Well, I haven't been to a competition yet, but I'm planning on going to one in Georgia in October (unless the date has changed again) which is probably about a 5-6 hour drive from where I live (South Florida).

So I'd say 6 hours, maybe more, I don't know. This is going by car though, not plane, so it takes longer. obviously, lol.


----------



## DavidWoner (Jul 19, 2008)

Erik said:


> I don't care about the traveling, I once traveled 24 hours to the competition. I only care about the costs of the traveling



agreed, traveling is fun especially with friends. i would've gone to MN open but i couldn't afford a hotel or gas at the time.



badmephisto said:


> i wouldn't travel more than an hour lol. I'm surprised at how much time you guys would sacrifice to compete



really? _*really*_?!? you must be really lazy then. it takes 2 hours just to drive across the Kansas City Metro Area(north to south and east to west). just a few weeks ago some friends and i drove down to springfield, MO(4 hours each way) on a whim and stayed the night just to watch our baseball team play. it was one of the most fun things i've ever done. traveling can be quite enjoyable if you plan it right(or don't plan at all, like our springfield trip.)

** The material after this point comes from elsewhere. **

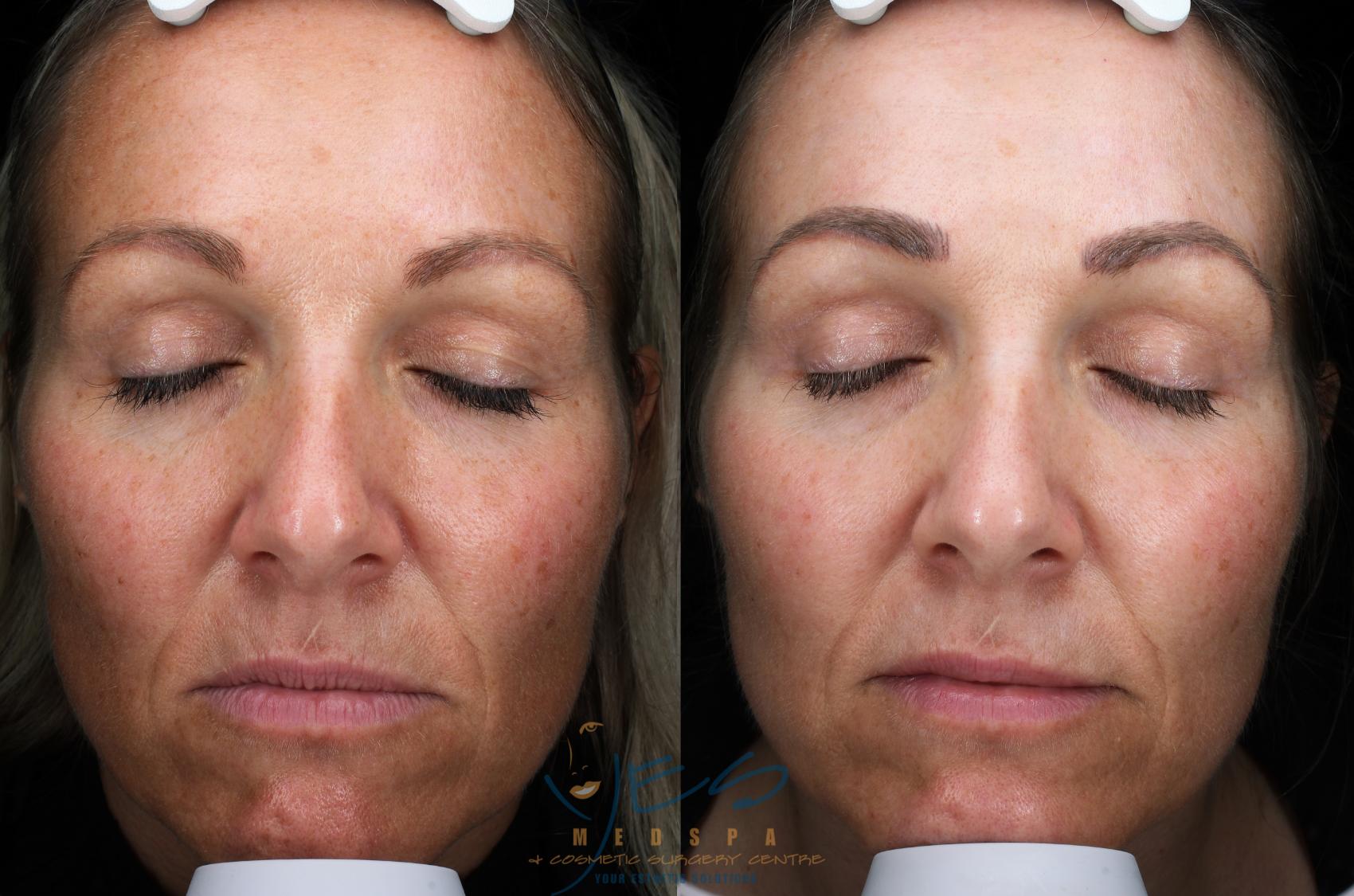 Before & After Skin Care Programs & Chemical Peels Case 370 Front View in Vancouver, BC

i dont think of it as "sacrificing" time to go compete, its more like taking a road trip or a mini vacation. even if you are traveling by yourself, you can still meet and hang out with new people while you are there, and thats worth the trip alone. cmon, get out and live a little!


----------



## KConny (Jul 19, 2008)

I don't care at all how long it takes me, only how much it would cost.


----------



## mrbiggs (Jul 19, 2008)

Anywhere I can get to using public transportation without interfering with work or school. In a practical sense, that's a day's trip by bus, which gives me most of the northeast.

Although I'm not going to put in a huge effort unless I've improved substantially over the times I achieved at the last competition. So it depends somewhat.


----------



## Tim_Likes_Cubing (Jul 20, 2008)

I'm only 14, so it's got to be in the area.


----------



## luckysolve (Oct 17, 2015)

I live in the middle of the country, in Springfield Mo. it seems like most competitions are near the coasts or boarders. I've gone to two competitions before, one in Ohio and one in Kansas. that's several hours driving time for each. If there were more in Missouri i would go to more.


----------



## CubeWizard23 (Oct 17, 2015)

Bryan said:


> Without including National, World, or other big competitions, how far would you travel to compete? OK, also make the assumption that they have the events you want to compete in.
> 
> Myself, I would probably travel 5-6 hours at the most.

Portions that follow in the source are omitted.